The government is facing a crisis over its handling of the creaky public pension system, in part because the Social Insurance Agency scrambled the data on 50 million premium payments during a bungled shift to computerization in the 1980s. Since it cannot identify who made the payments, many pensioners are not being paid what they are entitled to.
The fiasco has sent Prime Minister Shinzo Abe’s support ratings plunging to new lows ahead of the Upper House election in July. Although the opposition parties have tried to get to the bottom of the debacle by questioning Abe and his government in the Diet, the ruling bloc appeared hell-bent on ramming two hastily arranged bills on “pension reform” through the Lower House Thursday evening in a bid to pre-empt public unrest over the issue.
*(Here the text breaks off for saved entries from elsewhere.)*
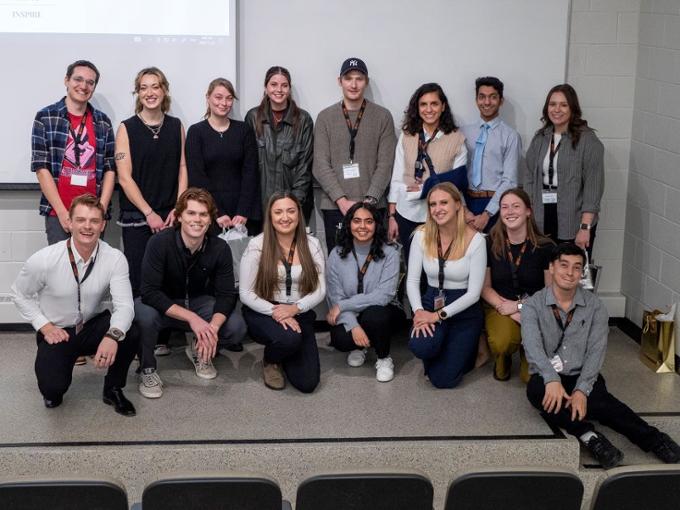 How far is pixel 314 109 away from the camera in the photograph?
5.88 meters

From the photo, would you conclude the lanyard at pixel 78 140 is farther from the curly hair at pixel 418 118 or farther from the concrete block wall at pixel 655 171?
the concrete block wall at pixel 655 171

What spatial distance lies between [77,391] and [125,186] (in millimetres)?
1138

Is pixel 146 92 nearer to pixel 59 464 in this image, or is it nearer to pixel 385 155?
pixel 385 155

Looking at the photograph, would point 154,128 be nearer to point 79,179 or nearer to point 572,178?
point 79,179

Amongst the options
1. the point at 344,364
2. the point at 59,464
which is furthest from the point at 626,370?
the point at 59,464

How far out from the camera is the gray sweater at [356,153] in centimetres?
563

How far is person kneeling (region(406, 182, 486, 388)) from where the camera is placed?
5066mm

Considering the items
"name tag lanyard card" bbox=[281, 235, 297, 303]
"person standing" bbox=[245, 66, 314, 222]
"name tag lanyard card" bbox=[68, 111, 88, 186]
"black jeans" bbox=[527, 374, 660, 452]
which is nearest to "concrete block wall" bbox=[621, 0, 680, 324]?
"black jeans" bbox=[527, 374, 660, 452]

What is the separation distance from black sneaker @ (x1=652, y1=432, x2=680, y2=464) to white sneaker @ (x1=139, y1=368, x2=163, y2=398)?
2304 mm

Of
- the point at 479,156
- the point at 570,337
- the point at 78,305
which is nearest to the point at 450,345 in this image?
the point at 570,337

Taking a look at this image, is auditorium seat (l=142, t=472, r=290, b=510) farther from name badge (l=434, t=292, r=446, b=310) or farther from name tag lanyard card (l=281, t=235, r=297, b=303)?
name badge (l=434, t=292, r=446, b=310)

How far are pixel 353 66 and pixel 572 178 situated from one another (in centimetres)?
134

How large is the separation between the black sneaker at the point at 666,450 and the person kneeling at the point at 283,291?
5.30ft

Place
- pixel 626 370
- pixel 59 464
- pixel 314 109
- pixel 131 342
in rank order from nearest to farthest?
pixel 59 464, pixel 131 342, pixel 626 370, pixel 314 109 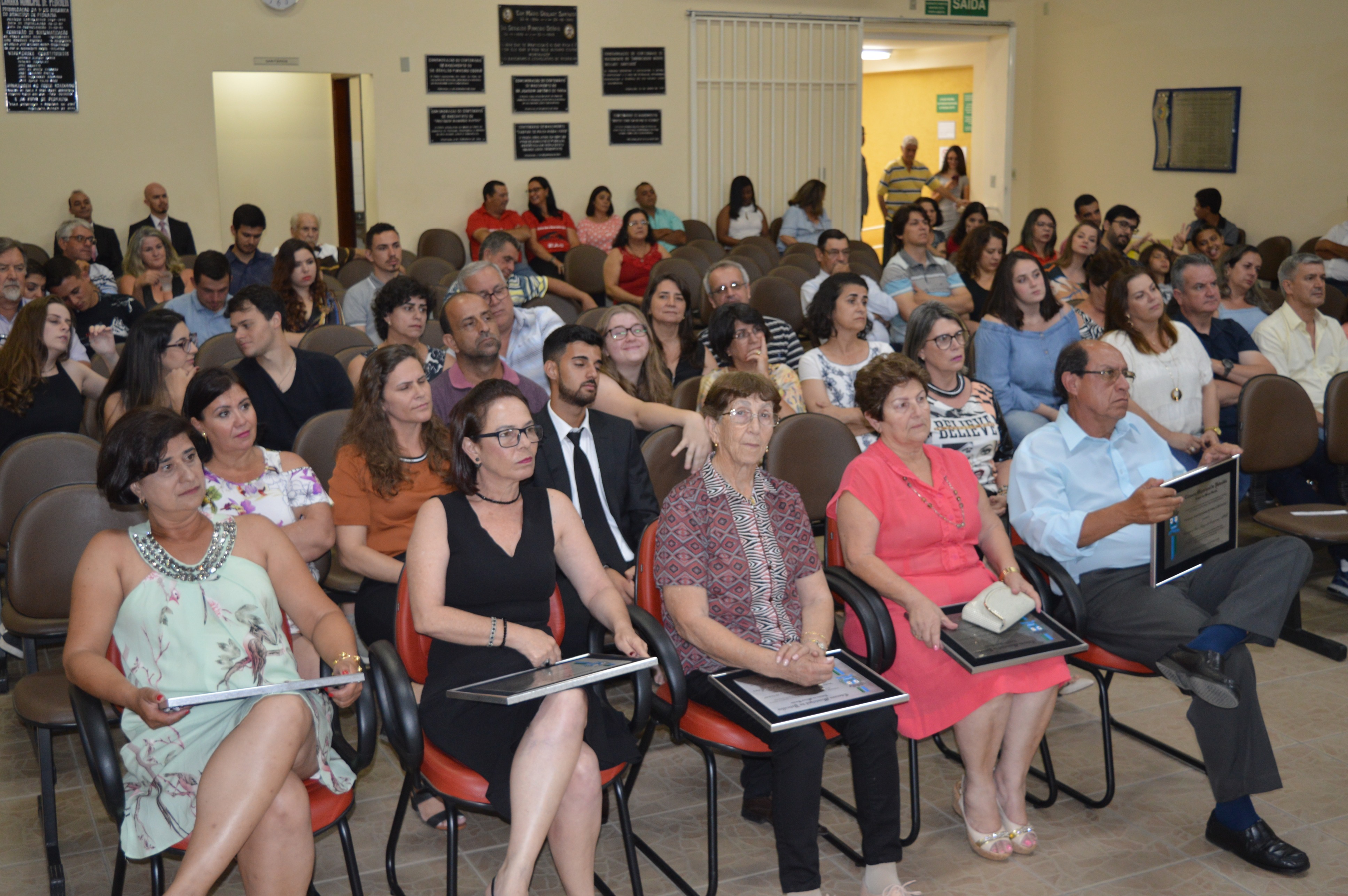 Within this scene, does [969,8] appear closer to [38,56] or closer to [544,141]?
[544,141]

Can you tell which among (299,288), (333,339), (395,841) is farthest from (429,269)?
(395,841)

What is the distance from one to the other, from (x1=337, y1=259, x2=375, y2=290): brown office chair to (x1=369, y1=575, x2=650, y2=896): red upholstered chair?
18.0 ft

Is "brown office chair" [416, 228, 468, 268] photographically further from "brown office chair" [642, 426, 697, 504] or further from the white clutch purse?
the white clutch purse

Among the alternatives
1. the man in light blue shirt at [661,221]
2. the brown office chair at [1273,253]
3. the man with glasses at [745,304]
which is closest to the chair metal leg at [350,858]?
the man with glasses at [745,304]

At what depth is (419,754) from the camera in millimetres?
2494

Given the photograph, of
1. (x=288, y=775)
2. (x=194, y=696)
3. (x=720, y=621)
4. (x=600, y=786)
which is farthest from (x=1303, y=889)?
(x=194, y=696)

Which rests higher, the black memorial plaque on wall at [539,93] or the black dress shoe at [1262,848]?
the black memorial plaque on wall at [539,93]

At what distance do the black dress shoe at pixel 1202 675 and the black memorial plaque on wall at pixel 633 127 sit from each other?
8777mm

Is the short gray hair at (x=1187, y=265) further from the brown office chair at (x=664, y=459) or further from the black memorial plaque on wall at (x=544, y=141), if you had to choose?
the black memorial plaque on wall at (x=544, y=141)

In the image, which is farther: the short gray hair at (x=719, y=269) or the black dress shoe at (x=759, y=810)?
the short gray hair at (x=719, y=269)

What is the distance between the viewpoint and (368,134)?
33.5 ft

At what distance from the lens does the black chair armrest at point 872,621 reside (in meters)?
2.97

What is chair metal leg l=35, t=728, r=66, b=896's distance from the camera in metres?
2.84

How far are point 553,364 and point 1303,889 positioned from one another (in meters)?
2.51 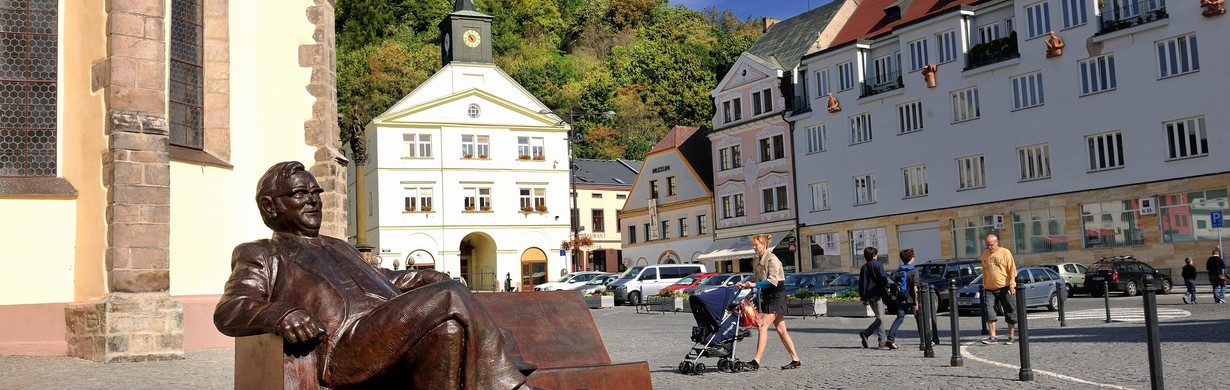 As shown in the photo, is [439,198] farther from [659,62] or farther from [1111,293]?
[1111,293]

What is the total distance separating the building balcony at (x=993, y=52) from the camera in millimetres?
41438

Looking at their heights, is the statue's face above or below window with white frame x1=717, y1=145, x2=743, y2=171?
below

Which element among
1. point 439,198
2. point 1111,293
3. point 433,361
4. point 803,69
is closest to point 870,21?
point 803,69

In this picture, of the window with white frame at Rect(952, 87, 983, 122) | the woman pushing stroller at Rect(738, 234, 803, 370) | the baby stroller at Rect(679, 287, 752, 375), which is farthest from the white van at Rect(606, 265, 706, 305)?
the baby stroller at Rect(679, 287, 752, 375)

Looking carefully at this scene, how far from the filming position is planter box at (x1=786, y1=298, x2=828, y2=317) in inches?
1099

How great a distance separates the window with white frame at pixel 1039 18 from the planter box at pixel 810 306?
17.6 metres

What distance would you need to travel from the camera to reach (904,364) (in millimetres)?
13336

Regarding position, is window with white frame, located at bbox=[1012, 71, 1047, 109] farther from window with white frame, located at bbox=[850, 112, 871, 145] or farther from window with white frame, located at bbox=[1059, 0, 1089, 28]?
window with white frame, located at bbox=[850, 112, 871, 145]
Below are some questions and answers about the scandal:
What are the political ramifications of the Social Insurance Agency scandal for the ruling bloc?
With public distrust of the pension system already looming large, Abe and his Liberal Democratic Party are nervous about voter sentiment ahead of the Upper House election.
The mishandled premium payments are painfully reminiscent of the nonpayment scandals of 2004, when it was revealed that some Cabinet members were refusing to pay into the public pension system. The revelations severely damaged the LDP’s showing in the Upper House election that year.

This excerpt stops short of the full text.